The problem lies in the PDFs themselves. In there are objects that represent lines of glyphs. If you are lucky. A conversion tool can guess which of those lines belong together and produce the text.

It cannot know any intentions behind it, though. Take a numbered list. The first line is two line objects: the number plus the . or the ), and the first line of text. The conversion tool can now guess. As the line blocks with the numbers are all left of the line blocks with text, this could be a numbered list. Or it could be a table with two columns. Nothing in the PDF is giving any hints.

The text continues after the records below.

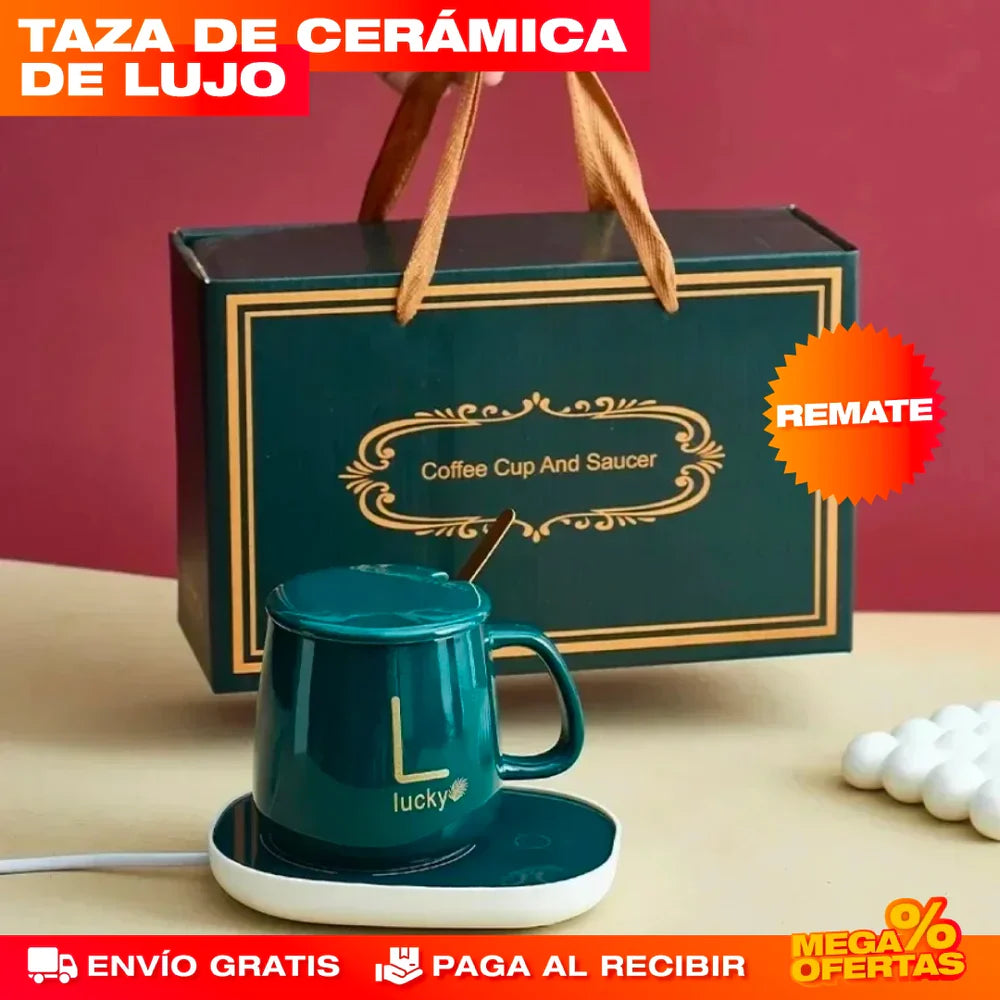 BrewMate | El compañero que mantiene tu café listo siempre.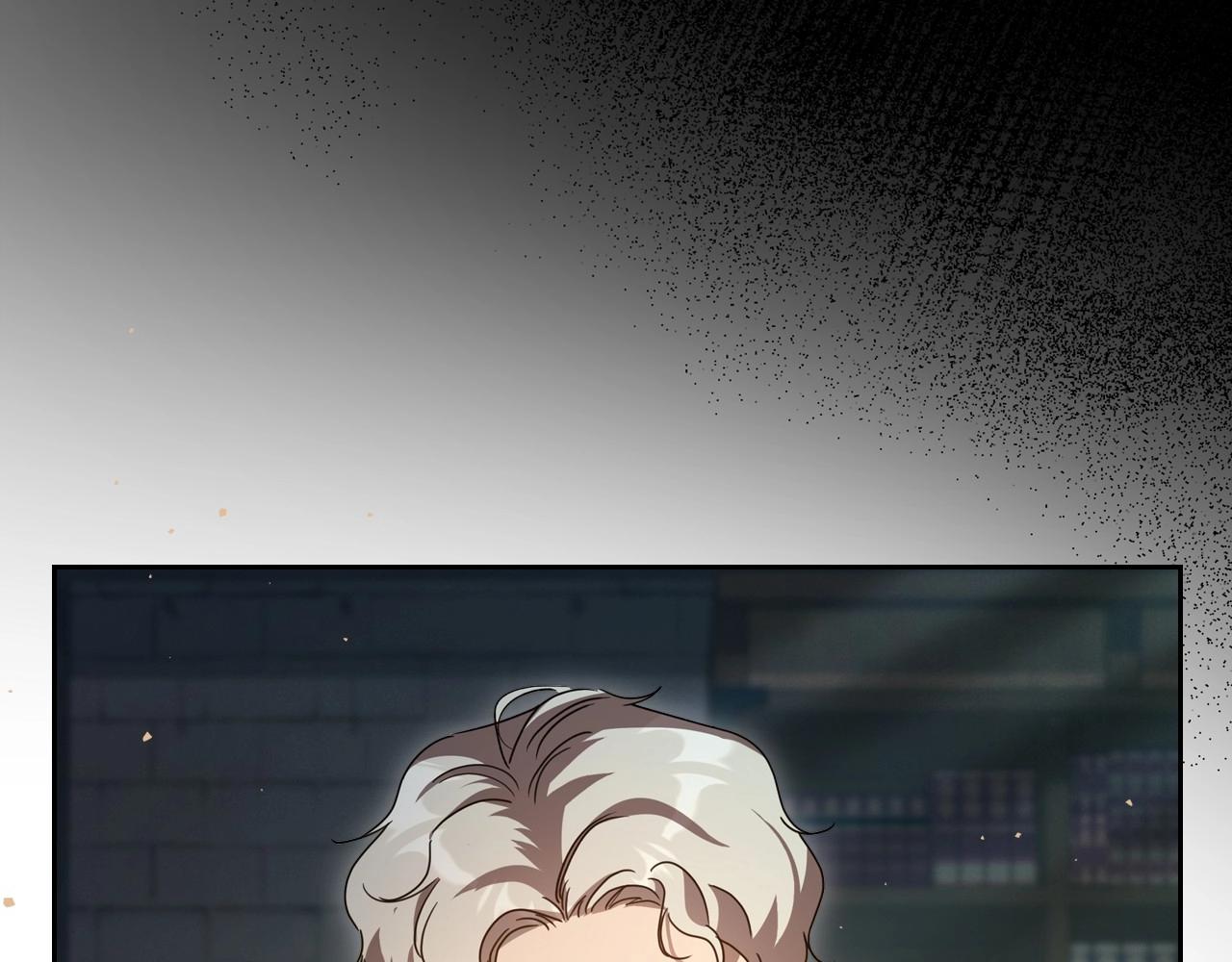 第71话 小姐妹之间令人动容的感情23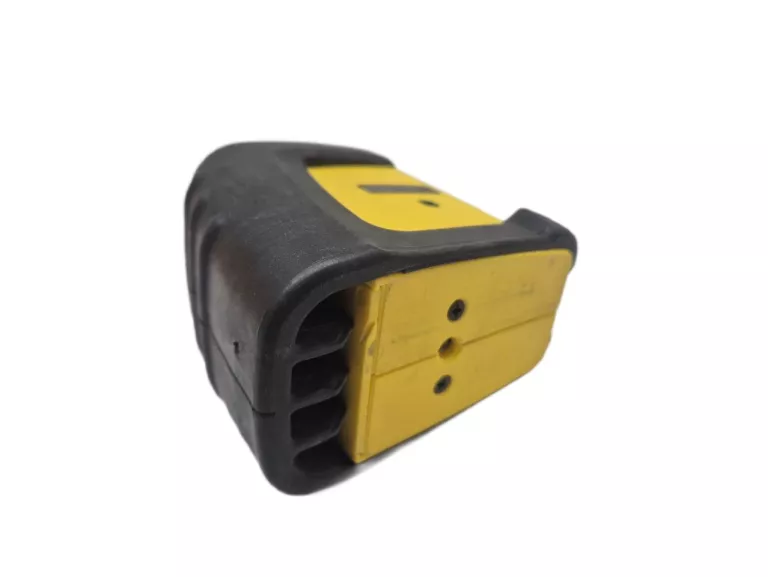 LASER KRZYŻOWY CL2 STANLEY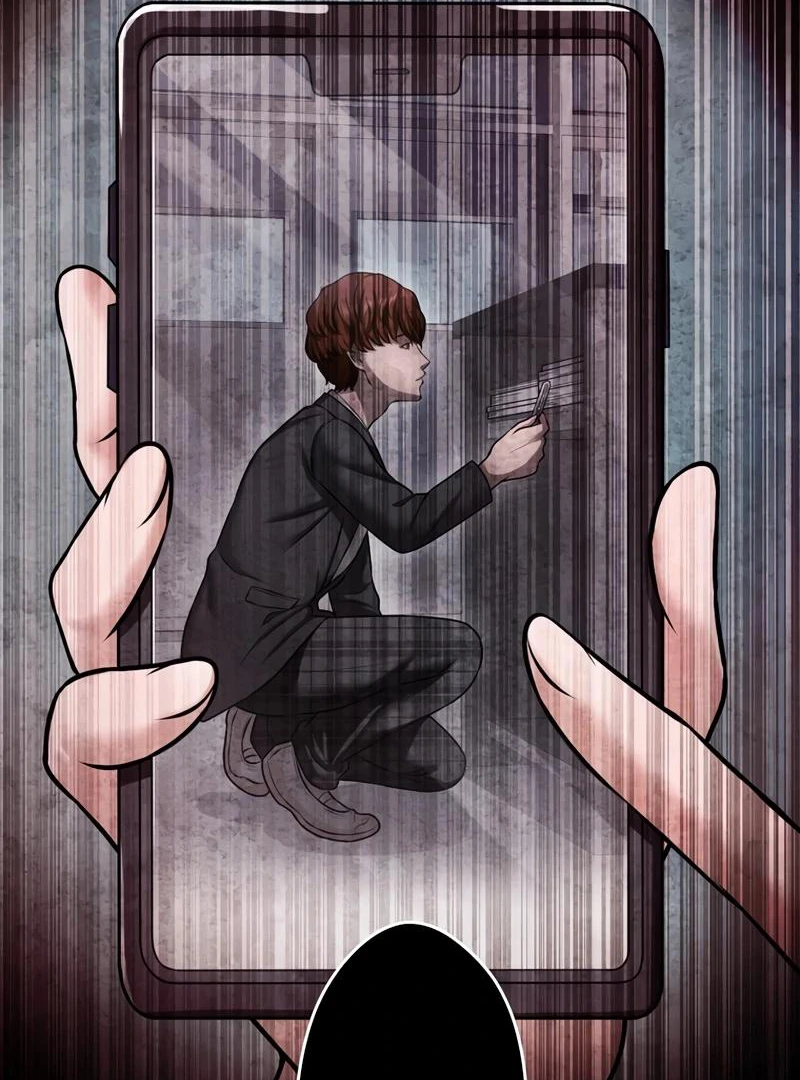 Chapter 31 - halaman 5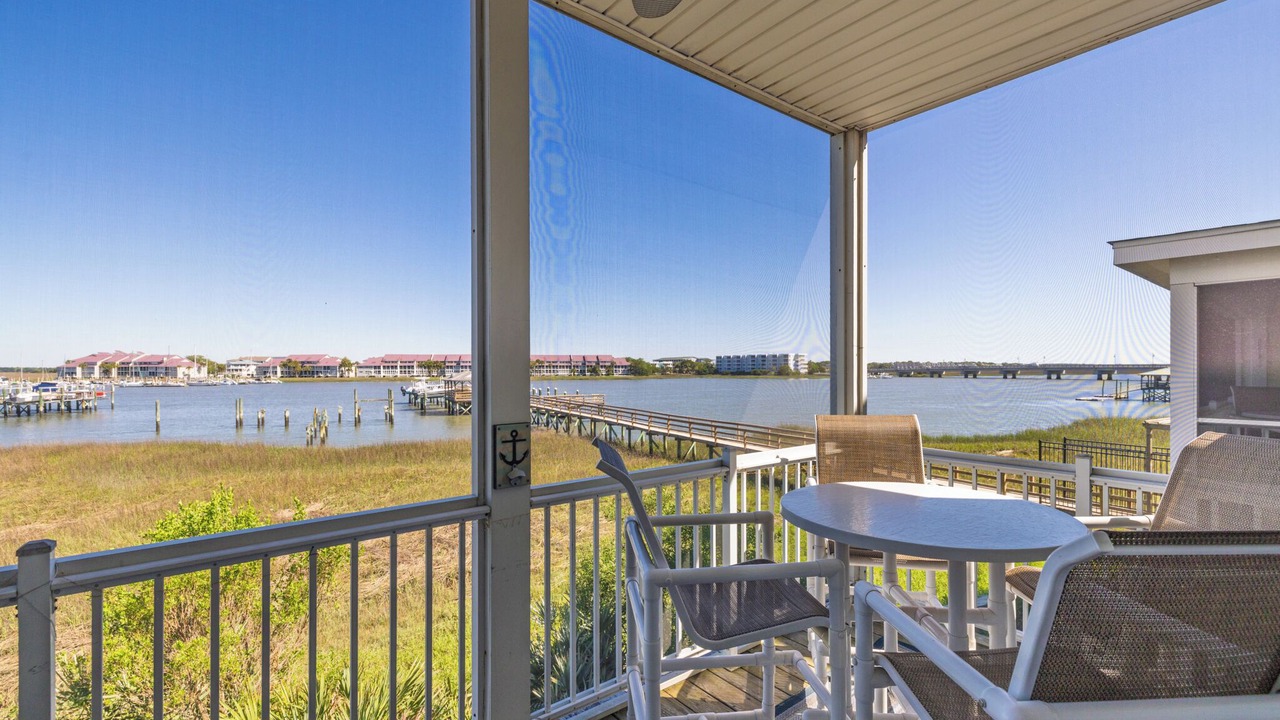 Photo of Outdoor in Waters Edge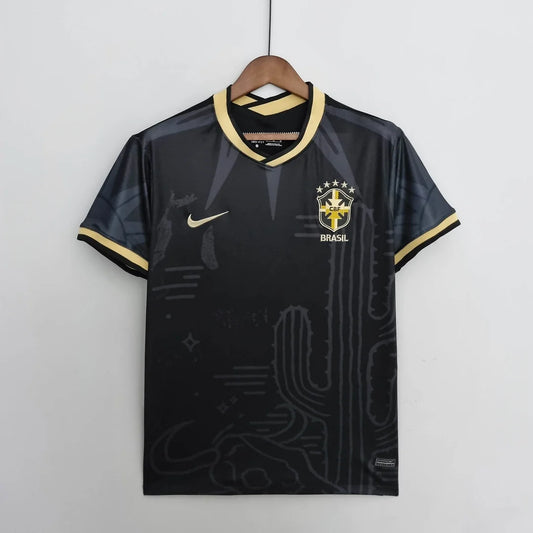 Brazil 2022 Special Edition Kit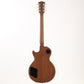 [SN 214520064] USED GIBSON USA / LES PAUL STANDARD 50S FADED Vintage Honey Burst [03]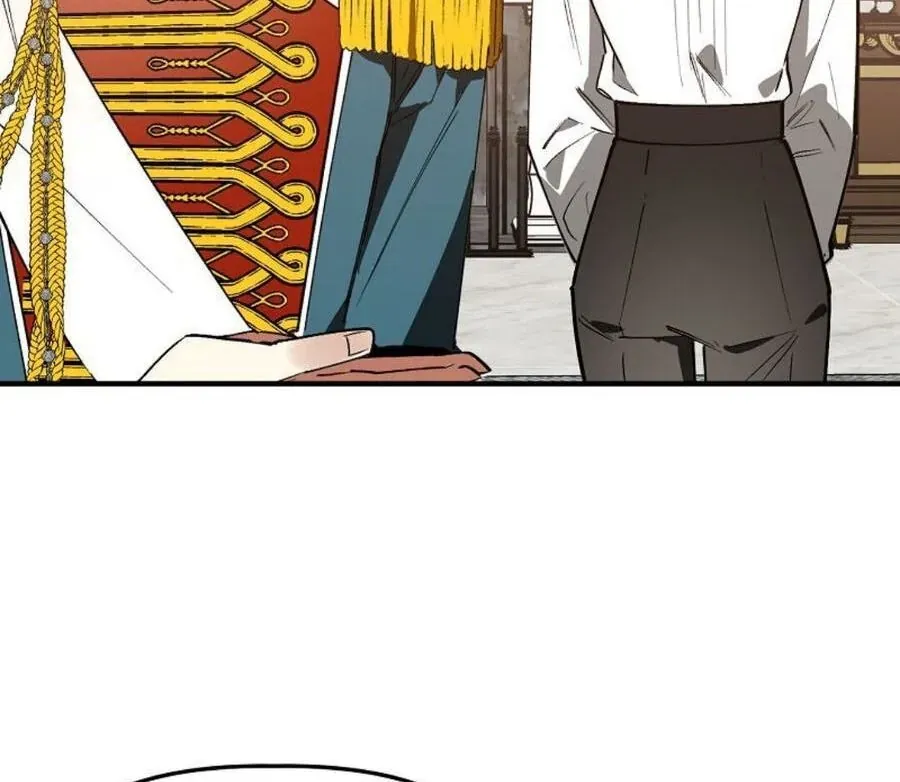 Phương Pháp Tán Tỉnh Của Nữ Thợ Săn - Chapter 36 - Page 29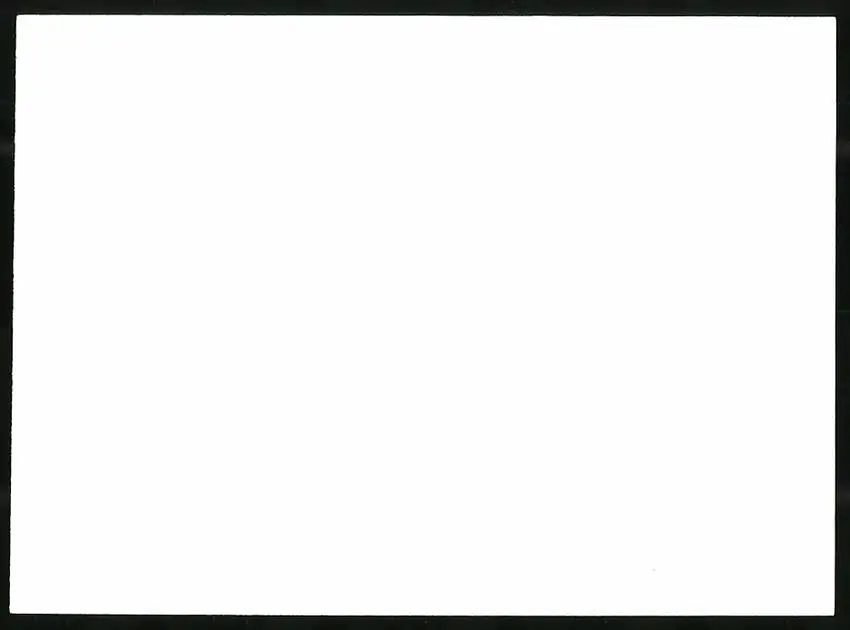 24 Fotografien unbekannter Fotograf, Ansicht Kilchberg, Musterschau, Messestand Schokoladenfabrik Lindt & Sprüngli AG 36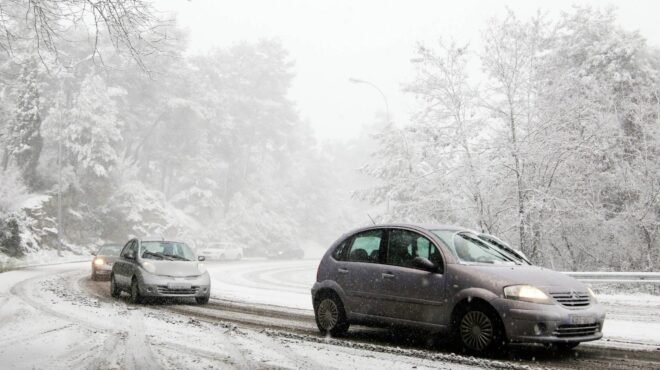 κακοκαιρία-κυκλοφοριακές-ρυθμίσεις-563393299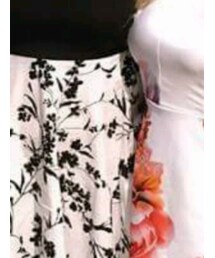 amazon | ワンピース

And that is the easy part. This assumes that the document either uses default fonts, or keeps its embedded fonts untouched. If they use embedded fonts and a PDF optimizer that only embeds the used characters and renumbers them, any copy or conversion tool is bound to fail.

Same with protected PDFs where you simply cannot copy the text from the start.

And then there are PDFs that just consist of scanned pages. Here you would need an OCR software to get something readable out of them.

PDF is an archival, output format, the end of a process. Not something to work from.

Always preserve the original file. Keep it safe. If you change tools, make sure you have a conversion path into something editable. The PDF is for giving away, nothing else.

ChaoticNeutralCzech@feddit.org on 19 Jun 19:31 collapse

Renumbering characters during font minimization? I haven’t encountered that, it would break searching and copying.

Anyway, PDFs for example don’t even say whether a line of text is left, center or justified – they usually store the coordinates of the first character and then spacing to each subsequent one unless defined by the font.

And what if the document contains text boxes, or other Word objects? Well, the text is separate from the underlying rectangle (if there is one) and it’s up to the conversion tool to guess if it’s part of the main text layer.

Sorry, it’s really hard to edit PDFs. You might want to use Inkscape for editing the graphical parts. If you also need to edit paragraphs, I suggest recreating the document by pasting them into Word/LibreOffice, and importing any graphical shapes as SVGs (use Inkscape for the conversion, then you can try Word’s “Graphic > Convert to Shapes” feature).

Really, every software that outputs PDF should treat it as an export process, hopefully making it clearer that “saving as PDF” is visually lossless but structurally lossy and messy.

Treczoks@lemmy.world on 20 Jun 14:05 collapse

The compressing and renumbering seems to be more common with embedded Chinese fonts - Space-wise it makes a lot of sense. But yes, mark and copy text, paste it into word or writer, and you get gibberish. Can’t verify the search, though. And, of course, Google translate can’t do anything with it, either.